JRN – Porque se exige muito e se oferece pouco. A Magistratura não é mais aquele nicho de erudição respeitada, aquela reserva moral da Nação. Exige-se produtividade, sem perda da qualidade. Exige-se coragem, mas subserviência à lei. Exige-se criatividade, sem afrontar as instâncias superiores. O magistrado está sob o crivo da sociedade, das partes, dos advogados, da mídia, dos demais poderes e não tem o direito de errar. Tudo cercado por uma expectativa de comportamento às antigas: o juiz é alguém discreto, comedido, reservado, bem vestido, educado, polido, sapiente, sereno. Será que a juventude brasileira de hoje reveste esses atributos? As carreiras em alta, segundo os velhos cânones, estão na área das TCIs – Tecnologias de Comunicação e Informação, nos novos espaços reservados à criatividade, ao talento e ao êxito – assim considerado pela sociedade de consumo. É preciso ser muito herói ou não ter outra alternativa de emprego para se empenhar em ser juiz em nossos dias.  

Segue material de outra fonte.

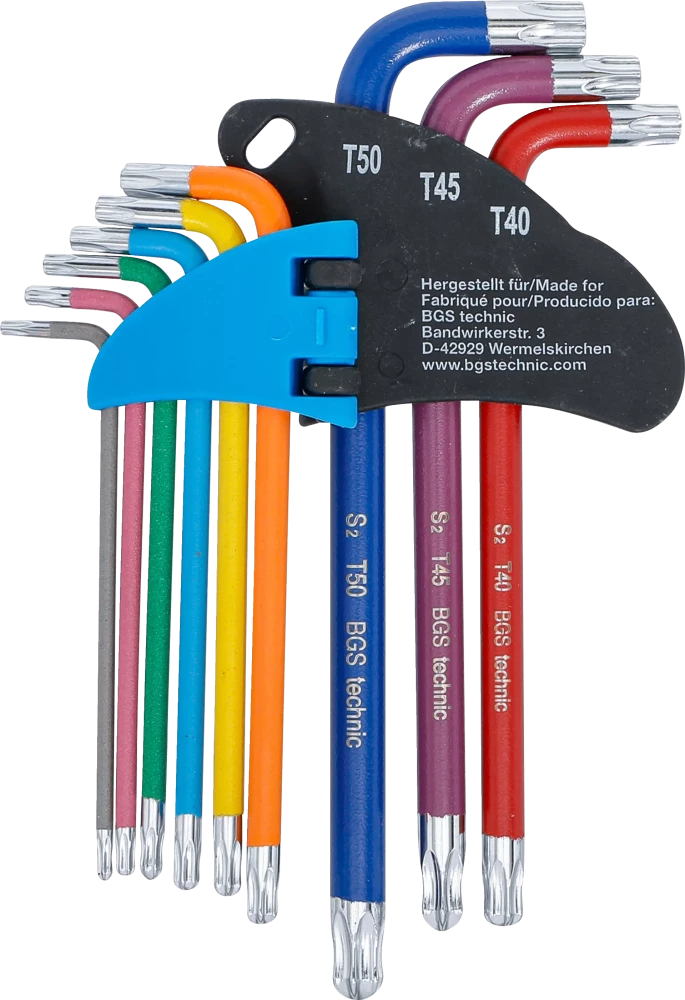 Derékszögű kulcs készlet | több színű | T-profil (Torx) furattal és gömbfejjel T10 - T50 | 9 darabos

CF – Como o senhor vê a relação tumultuada entre magistrados, membros do Ministério Público e Advogados? Quais soluções o senhor sugere?

JRN – Tudo recai na formação jurídica. As Faculdades treinam para a guerra judicial. Não há solução a não ser no processo convencional, o menos eficiente, o menos eficaz, o mais traumatizante dentre os meios postos à disposição da humanidade para resolver suas controvérsias. A advocacia precisaria ser treinada para a pacificação, para a harmonização, para uma atividade preventiva, não regenerativa de uma ruptura. O Ministério Público, hoje seletivo em suas atribuições, tem tempo disponível para aprimorar-se e é a função de maior protagonismo na cena judiciária. O juiz, que não pode deixar de julgar, vê-se às voltas com acúmulo de processos e com excesso de advogados, em número tamanho que resta comprometida a ética profissional, sacrificada na luta pela sobrevivência. As Escolas da Magistratura, do MP e da Advocacia devem centrar suas atividades nessas questões, não sobrecarregar as consciências profissionais com erudição técnica. Necessária, sim, mas insuficiente para o enfrentamento dos desafios do Século XXI. 

CF – Para um judiciário rumo à mudanças, quais posturas novas deverão ter os juízes brasileiros?

JRN – O juiz precisa considerar-se um profissional privilegiado em termos de poderes e de condições para transformar o mundo. Não deve ser o “convidado de pedra”, o “observador inerte”, o impassível produtor de decisões estereotipadas, calcadas no procedimentalismo estéril, mas precisa compenetrar-se de que é o solucionador de conflitos, o pacificador, o agente da transformação e, principalmente, o concretizador das promessas feitas pelo constituinte. Sem ele, de nada adiantará uma Constituição Cidadã, pioneira e repleta de boas intenções. A Constituição, já dizem os norte-americanos, é somente o que o juiz diz que ela é.